Ryan Blaney’s victory Sunday night at Iowa Speedway accomplished more than getting the No. 12 team back to victory lane.
It checked a box the reigning series champions have prioritized this season. Jonathan Hassler, Blaney’s crew chief, was quick to acknowledge this after the checkered flag in the Iowa Corn 350.
“Hey, we talked about being a team of the summer,” Hassler said. “We did it.”
[lawrence-auto-related count=3 category=1428]
Per the calendar, the summer doesn’t officially start until June 20. Blaney’s victory was June 16. But in NASCAR, the summer stretch has always seemed to begin after Memorial Day weekend when the sport’s longest race, the Coca-Cola 600, goes into the books.
Regardless of whether summer begins at the beginning or the end of June, it’s not a stretch Blaney and his team have enjoyed. Last year, Blaney had four top-10 finishes (three were ninth-place results) in the 12 races following the Coca-Cola 600 through the end of the regular season. In six of those races, Blaney finished 22nd or worse.
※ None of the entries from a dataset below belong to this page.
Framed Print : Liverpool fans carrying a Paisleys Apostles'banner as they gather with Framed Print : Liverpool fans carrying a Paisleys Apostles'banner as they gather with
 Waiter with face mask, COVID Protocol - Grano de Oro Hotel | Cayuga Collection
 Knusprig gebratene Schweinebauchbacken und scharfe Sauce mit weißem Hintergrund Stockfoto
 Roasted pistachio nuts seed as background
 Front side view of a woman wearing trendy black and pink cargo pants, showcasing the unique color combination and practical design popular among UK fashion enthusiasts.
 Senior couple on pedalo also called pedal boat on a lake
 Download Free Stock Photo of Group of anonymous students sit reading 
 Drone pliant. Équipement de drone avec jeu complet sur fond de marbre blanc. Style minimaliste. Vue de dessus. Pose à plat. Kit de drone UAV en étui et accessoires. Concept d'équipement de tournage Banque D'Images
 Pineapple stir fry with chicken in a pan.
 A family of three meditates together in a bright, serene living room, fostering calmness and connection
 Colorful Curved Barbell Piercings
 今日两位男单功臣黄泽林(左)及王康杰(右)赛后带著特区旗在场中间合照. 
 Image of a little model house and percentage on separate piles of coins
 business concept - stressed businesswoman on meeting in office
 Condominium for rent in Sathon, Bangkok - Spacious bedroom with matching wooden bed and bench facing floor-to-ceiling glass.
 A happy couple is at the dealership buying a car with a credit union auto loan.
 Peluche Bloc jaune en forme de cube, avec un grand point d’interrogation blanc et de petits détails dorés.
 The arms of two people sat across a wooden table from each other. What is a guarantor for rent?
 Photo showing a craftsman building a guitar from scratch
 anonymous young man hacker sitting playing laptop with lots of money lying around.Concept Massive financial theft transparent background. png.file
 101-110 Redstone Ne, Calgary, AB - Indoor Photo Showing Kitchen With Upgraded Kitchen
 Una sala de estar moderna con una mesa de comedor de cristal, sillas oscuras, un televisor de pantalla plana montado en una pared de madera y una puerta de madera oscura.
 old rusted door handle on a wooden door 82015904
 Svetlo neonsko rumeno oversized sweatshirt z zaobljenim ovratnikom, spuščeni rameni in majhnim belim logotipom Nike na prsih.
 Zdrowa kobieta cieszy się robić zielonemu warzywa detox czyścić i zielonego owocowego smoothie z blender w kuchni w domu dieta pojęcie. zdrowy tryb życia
“If you look back to last year, we won the Coke 600, had a decent run at Gateway (St. Louis) and then I think we had a month, month and a half of struggling to find our way,” Hassler explained. “It wasn’t until early in the middle of the first round of the playoffs, somewhere in there that we really got things rolling again, and we wanted to be better earlier in the year. We wanted to improve our road course program. If you look at last week at Sonoma, we’ve done that.
“That’s a big part of the summer. So, yeah, I’m excited with where we’re at (now).”
Blaney jumped from 12th in the championship standings to seventh with his victory at Iowa. He’s led 222 laps in the last three races (which began the week after the Coca-Cola 600). It puts him well above how he netted out in those 12 summer races last year when he led a combined 112 laps.
“We didn’t have a great summer last year,” Blaney said. “After Gateway last year, we had like two months of just not running good at all. No pace. Not finishing races. I had to hear stuff from you all, all summer that we sucked. And we did. We just weren’t very good, and we were trying some stuff, but we fixed that.
“We talked about that during the off-season of, ‘Hey, let’s focus on these summer months. Let’s not go through that little dip like we did last year. Just utilize the summer months a little better than what we did.’ That was cool that we were able to achieve that because we worked really hard on that; tried to be better at this point of the year, at a better time than last year. So, hopefully that continues.”
The victory at Iowa was a long time coming. Blaney carried the Ford banner early in the season, even leading the point standings in March. But the speed and consistency his team had stopped short for one reason or another of being good enough to win.
Ironically, the week after Blaney crashed out of the Coca-Cola 600, it was St. Louis where it looked like it was finally going to come together. Blaney was leading to the white flag when he ran out of fuel.
Sonoma Raceway (a seventh-place finish) and Iowa (the win) are the first back-to-back top-10 finishes Blaney has had since March. And after the rough way May ended, Blaney admitted the push through the summer again came up in conversation.
“Yeah, it came up when we had a few bad races in a row, got wrecked out, stuff like that,” he said. “But it was mainly talks with our group, our whole team, about looking forward to being a summer team. Every off-season, you try to fix things: what did we not do well in the prior year? That was one of them that we had a bad summer and let’s try to fix that.
“How do we do that? How do we learn quicker to be more competitive through the summer months? So, it’s nice when you set goals like that as a team and then achieve them. That part is good.”